JetMoE: Llama2 Performance at $0.1M


Delve into the groundbreaking research of JetMoE, a new marvel in the realm of natural language processing, boasting Llama2 (7B) performance with an 8B-MoE architecture. Despite a modest $0.1M budget and a token count of just 1.25 trillion, JetMoE achieves remarkable results by employing a novel multi-stage training approach. This approach, akin to Mixtral or DBRX, harnesses a sparsely Gated Mixture-of-Experts (SMoE) architecture, with attention and feedforward layers selectively activated. The journey of JetMoE-8B unfolds across meticulously crafted phases: initialization, dual pretraining stages spanning vast corpora like RefinedWeb and Arxiv, supervised fine-tuning via the Zephyr Recipe, and precision honing through techniques like DPO and Ultrafeedback.
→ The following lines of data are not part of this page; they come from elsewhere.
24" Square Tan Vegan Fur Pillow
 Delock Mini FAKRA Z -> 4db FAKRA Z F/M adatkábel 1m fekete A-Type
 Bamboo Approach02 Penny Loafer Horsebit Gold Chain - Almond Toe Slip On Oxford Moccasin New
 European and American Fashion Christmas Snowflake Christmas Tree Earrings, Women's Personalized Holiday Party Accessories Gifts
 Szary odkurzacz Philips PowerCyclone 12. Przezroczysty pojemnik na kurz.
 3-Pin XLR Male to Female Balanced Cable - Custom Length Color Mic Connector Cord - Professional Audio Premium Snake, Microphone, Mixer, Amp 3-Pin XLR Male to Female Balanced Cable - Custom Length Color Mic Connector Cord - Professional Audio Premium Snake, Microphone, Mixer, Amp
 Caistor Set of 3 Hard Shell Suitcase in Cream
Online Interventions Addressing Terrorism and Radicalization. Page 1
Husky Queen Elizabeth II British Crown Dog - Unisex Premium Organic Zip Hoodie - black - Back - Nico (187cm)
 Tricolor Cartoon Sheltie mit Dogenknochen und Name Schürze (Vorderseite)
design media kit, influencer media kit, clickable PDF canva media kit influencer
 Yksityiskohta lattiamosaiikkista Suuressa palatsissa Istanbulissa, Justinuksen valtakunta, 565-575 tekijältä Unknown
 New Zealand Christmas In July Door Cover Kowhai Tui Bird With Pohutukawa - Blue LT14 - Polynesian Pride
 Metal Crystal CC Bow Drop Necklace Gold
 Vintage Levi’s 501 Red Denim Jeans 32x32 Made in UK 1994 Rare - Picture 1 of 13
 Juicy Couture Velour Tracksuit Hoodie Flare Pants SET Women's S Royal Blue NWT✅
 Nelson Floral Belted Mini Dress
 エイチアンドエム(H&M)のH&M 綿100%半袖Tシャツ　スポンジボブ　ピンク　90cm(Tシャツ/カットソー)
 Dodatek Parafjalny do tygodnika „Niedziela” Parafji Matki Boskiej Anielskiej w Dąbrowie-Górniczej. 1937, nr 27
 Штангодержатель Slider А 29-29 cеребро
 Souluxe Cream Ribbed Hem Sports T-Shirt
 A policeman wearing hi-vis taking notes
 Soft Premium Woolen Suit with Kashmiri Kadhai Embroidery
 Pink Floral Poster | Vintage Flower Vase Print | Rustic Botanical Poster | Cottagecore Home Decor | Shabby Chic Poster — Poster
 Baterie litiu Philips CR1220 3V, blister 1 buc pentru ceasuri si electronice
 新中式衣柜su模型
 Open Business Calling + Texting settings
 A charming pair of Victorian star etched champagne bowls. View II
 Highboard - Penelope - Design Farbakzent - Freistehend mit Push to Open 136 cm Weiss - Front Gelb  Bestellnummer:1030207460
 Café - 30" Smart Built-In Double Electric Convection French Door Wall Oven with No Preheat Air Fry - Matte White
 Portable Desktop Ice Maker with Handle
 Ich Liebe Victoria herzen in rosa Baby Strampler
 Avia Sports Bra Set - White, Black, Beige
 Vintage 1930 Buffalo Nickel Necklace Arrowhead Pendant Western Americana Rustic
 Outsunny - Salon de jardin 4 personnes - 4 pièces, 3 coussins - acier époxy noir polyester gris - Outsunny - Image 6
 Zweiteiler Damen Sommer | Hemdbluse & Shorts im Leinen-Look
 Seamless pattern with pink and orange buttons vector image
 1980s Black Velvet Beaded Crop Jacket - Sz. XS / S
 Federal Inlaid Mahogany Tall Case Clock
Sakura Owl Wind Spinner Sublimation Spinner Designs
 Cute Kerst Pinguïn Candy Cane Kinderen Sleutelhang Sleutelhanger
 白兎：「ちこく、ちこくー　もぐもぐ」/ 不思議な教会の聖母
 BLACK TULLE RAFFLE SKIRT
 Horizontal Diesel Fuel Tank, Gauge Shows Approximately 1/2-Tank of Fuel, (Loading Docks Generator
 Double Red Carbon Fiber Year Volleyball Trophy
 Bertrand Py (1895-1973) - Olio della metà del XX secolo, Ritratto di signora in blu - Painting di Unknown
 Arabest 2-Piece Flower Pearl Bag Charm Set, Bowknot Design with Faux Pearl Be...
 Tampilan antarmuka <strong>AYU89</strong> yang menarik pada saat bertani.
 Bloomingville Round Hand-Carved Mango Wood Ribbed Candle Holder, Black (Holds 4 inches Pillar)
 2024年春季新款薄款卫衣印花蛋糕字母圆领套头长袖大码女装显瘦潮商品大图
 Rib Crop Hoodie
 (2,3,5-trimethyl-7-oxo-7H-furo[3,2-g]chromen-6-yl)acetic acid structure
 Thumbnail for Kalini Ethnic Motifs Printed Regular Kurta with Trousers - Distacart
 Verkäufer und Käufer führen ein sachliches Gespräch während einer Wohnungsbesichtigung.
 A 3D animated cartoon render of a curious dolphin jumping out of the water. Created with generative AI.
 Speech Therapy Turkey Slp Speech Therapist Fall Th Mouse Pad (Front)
Noteworthy insights emerge, highlighting the pivotal role of data quality and the efficacy of Warmup-Stable-Decay (WSD) learning rates in multi-phase pretraining. With a staggering 30,000 H100 GPU hours invested, JetMoE-8B surpasses Llama 2 7B on the Open Leaderboard while achieving a 70% reduction in inference speed through judicious MoE utilization. JetMoE-8B stands as a testament to the power of innovation and resourcefulness in advancing the frontiers of natural language understanding.